There are advantages and disadvantages to adopting a partnership structure for a business. Being a partnership, the business owners ­necessarily share the profits, the liabilities and the decision-making, which can be a huge advantage, especially where partners have different skills and can work well together. A partnership is generally easier to form, manage and run.

Partnerships are regulated less strictly than companies, both in terms of the laws governing their formation and because ­partners have the only say in the way the business is run, without interference by shareholders. They are also far more flexible in terms of management, so long as all the partners can agree.

The main drawback of partnerships is unlimited liability, whereby each of the ­partners shares the liability and financial risks of the business. This can be countered by the formation of an LLP, which benefits from the advantages of the limited liability granted to limited companies while taking advantage of the flexibility of the partnership model.

If a partnership model is adopted, there will often be partners and employees ­carrying on the business. The term ­’partner’ can denote a variety of positions. Someone described as a partner may be a salaried partner, a fixed-share partner, an equity partner, an LLP member or in fact an employee. The name given to a relationship does not in itself determine its status.

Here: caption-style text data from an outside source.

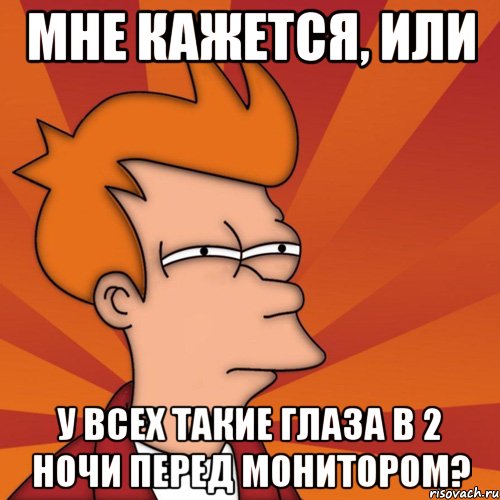 мне кажется, или у всех такие глаза в 2 ночи перед монитором?, Мем Мне кажется или (Фрай Футурама)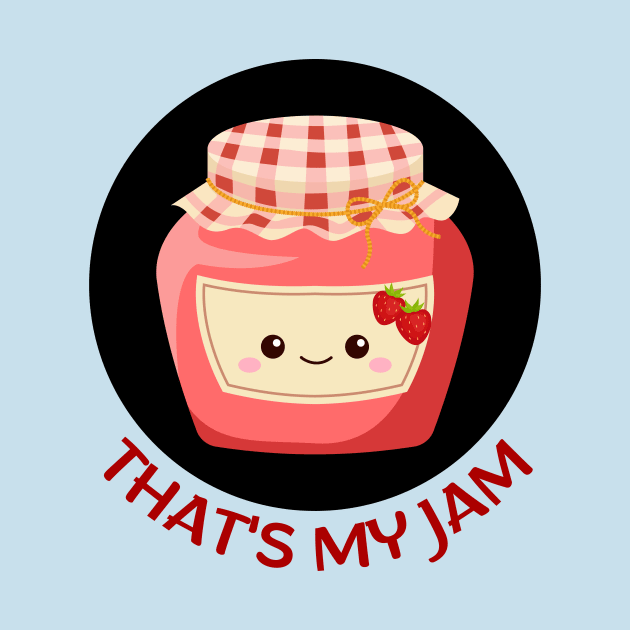 That's My Jam | Jam Pun by Allthingspunny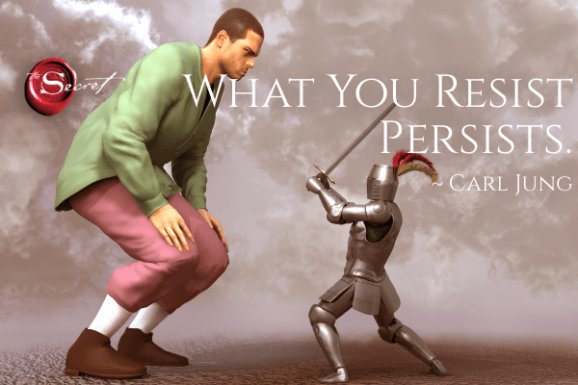 What You Resist Persists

However, establishing whether someone described as a partner is an employee or a true partner is important for a number of reasons. It is necessary to determine the individual’s rights and duties, as employees benefit from statutory employment ­protection, including unfair dismissal rights. True partners owe the more onerous duty of good faith, while employees are subject to the lesser implied obligation of mutual trust and confidence.

The status of an individual will also affect the tax treatment of remuneration and any exit package.

There’s a limit

Legislation governing partnerships ­provides limited assistance in determining status. Section 4(4) of the Limited Liability ­Partnership Act 2000 (LLPA) states: “A member of a limited liability partnership shall not be regarded for any purpose as employed by the limited liability partnership unless, if he and the other members were partners in a partnership, he would be regarded for that purpose as employed by the partnership.”

In other words, an individual has to fall within the definition of a partner under the act to be regarded as a self-employed ­member under the LLPA. Section 1 defines partnership as “the relation which subsists between persons carrying on a business in common with a view of profit”.
Case law suggests that a variety of factors need to be considered. The factors that will tend to point to partnership status include the entitlement to a share of residual ­profit, a requirement to contribute equally to any losses the business sustains and an ­obligation to contribute a sum of capital to the business.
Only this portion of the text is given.